Stored data:
--------

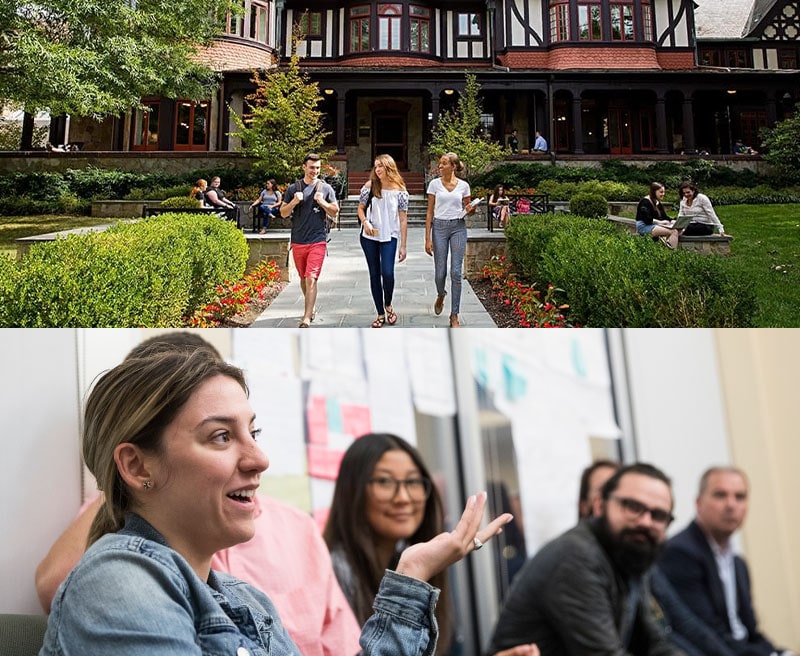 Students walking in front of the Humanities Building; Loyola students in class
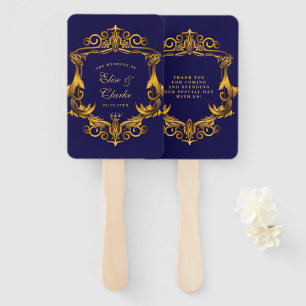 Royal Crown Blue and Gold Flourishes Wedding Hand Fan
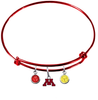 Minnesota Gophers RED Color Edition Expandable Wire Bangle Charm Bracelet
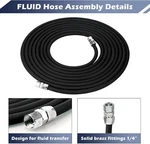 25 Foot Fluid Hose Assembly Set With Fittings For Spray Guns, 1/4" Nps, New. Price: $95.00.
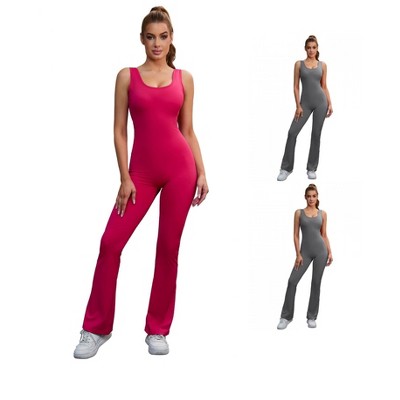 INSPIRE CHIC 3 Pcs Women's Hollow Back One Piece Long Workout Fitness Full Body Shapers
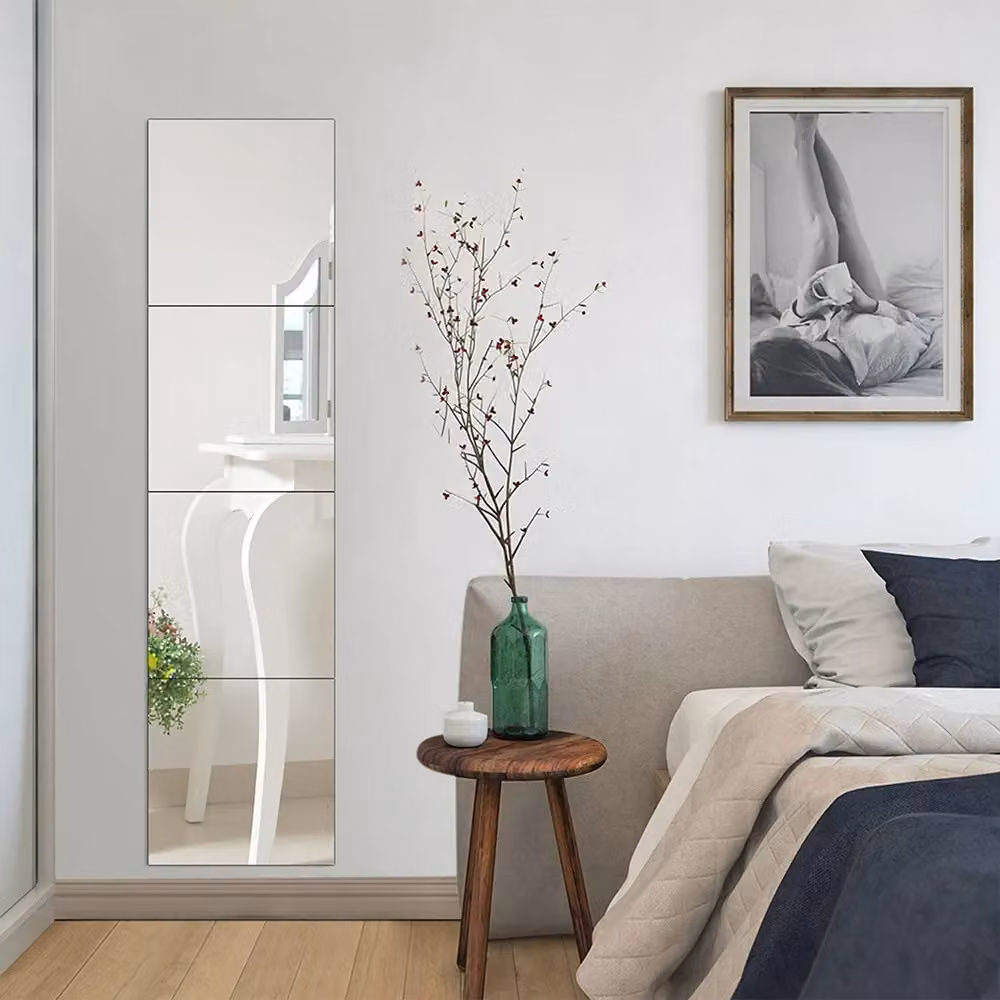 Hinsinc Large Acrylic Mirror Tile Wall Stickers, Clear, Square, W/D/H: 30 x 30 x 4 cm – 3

--------

PROBLEM STATEMENT
The expected output is each entry given again word for word, with pictures dropped.

ANSWER SECTION
 Students walking in front of the Humanities Building; Loyola students in class
 Royal Crown Blue and Gold Flourishes Wedding Hand Fan
 Minnesota Gophers RED Color Edition Expandable Wire Bangle Charm Bracelet
 25 Foot Fluid Hose Assembly Set With Fittings For Spray Guns, 1/4" Nps, New. Price: $95.00.
 INSPIRE CHIC 3 Pcs Women's Hollow Back One Piece Long Workout Fitness Full Body Shapers
 Hinsinc Large Acrylic Mirror Tile Wall Stickers, Clear, Square, W/D/H: 30 x 30 x 4 cm – 3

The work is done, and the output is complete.